Source material:
'''

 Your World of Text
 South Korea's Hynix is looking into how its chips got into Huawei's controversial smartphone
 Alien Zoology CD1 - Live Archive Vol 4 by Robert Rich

'''

Goal of the exercise: Give back the entire listing above, matching every line exactly.

Result below:
 Your World of Text
 South Korea's Hynix is looking into how its chips got into Huawei's controversial smartphone
 Alien Zoology CD1 - Live Archive Vol 4 by Robert Rich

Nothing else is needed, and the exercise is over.